APRIL 21: Three more teams have adopted a policy of payment through the end of May: the Angels (via Passan, on Twitter), Pirates (via Jon Heyman of MLB Network, on Twitter), and Rangers (per Evan Grant of the Dallas Morning News, via Twitter).
Additionally, the Rockies have adopted a more open-ended policy akin to that of the Tigers, per Britt Ghiroli and Ken Rosenthal of The Athletic (Twitter link).
APRIL 20:We’ve heard a trickle of information over recent weeks regarding MLB teams’ plans for non-player employees. That turned into a flood today, with news emerging on the plans of a majority of teams around the game.
While MLB commissioner Rob Manfred announced previously that uniform employee contracts would be suspended at the start of the month of May, thus freeing teams to make their own decisions on retaining personnel, we had already begun to see several clubs promise employment through the end of May. It’s now clear that a majority of clubs will reach that commitment, with ESPN.com’s Jeff Passan reporting the full list via Twitter.
These 17 teams will pay non-player employees through at least the end of May: the Astros, Blue Jays, Braves, Brewers, Cardinals, Cubs, Diamondbacks, Giants, Mariners, Marlins, Phillies, Reds, Red Sox, Rockies, Royals, Twins, and White Sox. Beyond that, there are no known assurances.

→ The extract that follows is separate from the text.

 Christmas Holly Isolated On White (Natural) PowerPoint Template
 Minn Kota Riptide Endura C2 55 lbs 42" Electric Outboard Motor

At least one team — the Tigers — appears to be going beyond that measure. Detroit owner Chris Ilitch announced today that the club has “no plays for lay-offs or furloughs of its employees.” While the organization did reserve the right to notify employees “if things change,” he said it’s “taking a longer term view.” (Via Chris McCosky of the Detroit News, on Twitter.)
The Padres have also announced plans that include longer-term assurances, albeit with some caveats, as Kevin Acee of the San Diego Union-Tribune writes. Baseball operations staffers are promised jobs through the end of October, though those earning more than $60K annually will take progressive pay cuts. Employees on the business side have been promised paychecks through mid-May.
That leaves eleven other teams whose plans aren’t yet accounted for. But it’s not as if the failure to grant assurances by this point ensures the opposite outcome, so the absence of news should not be taken as an indication that layoffs are certain for those remaining organizations.